--- Provided records ---
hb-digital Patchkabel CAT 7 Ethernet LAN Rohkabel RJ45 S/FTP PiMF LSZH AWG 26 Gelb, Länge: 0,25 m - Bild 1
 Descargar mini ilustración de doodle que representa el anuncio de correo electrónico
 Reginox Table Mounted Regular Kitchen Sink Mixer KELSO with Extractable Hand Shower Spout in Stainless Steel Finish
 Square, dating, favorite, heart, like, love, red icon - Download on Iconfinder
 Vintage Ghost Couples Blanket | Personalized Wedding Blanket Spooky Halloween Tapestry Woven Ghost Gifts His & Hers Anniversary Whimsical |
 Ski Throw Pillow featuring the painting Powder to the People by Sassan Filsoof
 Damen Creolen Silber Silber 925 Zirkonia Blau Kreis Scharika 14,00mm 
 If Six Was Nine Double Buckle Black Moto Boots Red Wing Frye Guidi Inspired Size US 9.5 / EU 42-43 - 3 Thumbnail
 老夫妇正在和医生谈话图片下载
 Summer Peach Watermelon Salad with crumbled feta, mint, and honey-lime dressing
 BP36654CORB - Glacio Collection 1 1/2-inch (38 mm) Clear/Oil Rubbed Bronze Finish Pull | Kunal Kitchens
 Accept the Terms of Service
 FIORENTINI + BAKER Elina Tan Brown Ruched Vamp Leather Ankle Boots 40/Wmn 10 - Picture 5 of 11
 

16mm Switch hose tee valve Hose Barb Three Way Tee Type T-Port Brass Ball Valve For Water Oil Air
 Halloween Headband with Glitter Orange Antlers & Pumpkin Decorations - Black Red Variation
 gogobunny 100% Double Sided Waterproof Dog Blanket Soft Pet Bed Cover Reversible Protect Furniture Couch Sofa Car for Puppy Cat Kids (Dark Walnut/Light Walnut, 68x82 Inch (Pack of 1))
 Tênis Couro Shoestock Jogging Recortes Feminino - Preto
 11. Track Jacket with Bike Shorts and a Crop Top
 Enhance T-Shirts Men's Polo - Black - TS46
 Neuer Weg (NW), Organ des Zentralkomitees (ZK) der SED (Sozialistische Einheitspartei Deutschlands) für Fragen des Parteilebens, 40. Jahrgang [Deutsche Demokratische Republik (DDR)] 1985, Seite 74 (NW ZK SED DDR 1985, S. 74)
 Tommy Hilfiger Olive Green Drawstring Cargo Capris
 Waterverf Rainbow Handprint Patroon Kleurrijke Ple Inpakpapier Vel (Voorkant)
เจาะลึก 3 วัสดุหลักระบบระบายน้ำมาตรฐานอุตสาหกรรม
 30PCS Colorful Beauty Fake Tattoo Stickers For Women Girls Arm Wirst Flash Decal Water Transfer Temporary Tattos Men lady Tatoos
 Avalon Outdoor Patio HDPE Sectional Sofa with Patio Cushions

--- Requirement ---
All lines in the data above from the one with "Damen Creolen Silber" through the one with "Enhance T-Shirts Men's Polo - Black - TS46" must be repeated exactly, and no others.

--- Exercise solution ---
 Damen Creolen Silber Silber 925 Zirkonia Blau Kreis Scharika 14,00mm 
 If Six Was Nine Double Buckle Black Moto Boots Red Wing Frye Guidi Inspired Size US 9.5 / EU 42-43 - 3 Thumbnail
 老夫妇正在和医生谈话图片下载
 Summer Peach Watermelon Salad with crumbled feta, mint, and honey-lime dressing
 BP36654CORB - Glacio Collection 1 1/2-inch (38 mm) Clear/Oil Rubbed Bronze Finish Pull | Kunal Kitchens
 Accept the Terms of Service
 FIORENTINI + BAKER Elina Tan Brown Ruched Vamp Leather Ankle Boots 40/Wmn 10 - Picture 5 of 11
 

16mm Switch hose tee valve Hose Barb Three Way Tee Type T-Port Brass Ball Valve For Water Oil Air
 Halloween Headband with Glitter Orange Antlers & Pumpkin Decorations - Black Red Variation
 gogobunny 100% Double Sided Waterproof Dog Blanket Soft Pet Bed Cover Reversible Protect Furniture Couch Sofa Car for Puppy Cat Kids (Dark Walnut/Light Walnut, 68x82 Inch (Pack of 1))
 Tênis Couro Shoestock Jogging Recortes Feminino - Preto
 11. Track Jacket with Bike Shorts and a Crop Top
 Enhance T-Shirts Men's Polo - Black - TS46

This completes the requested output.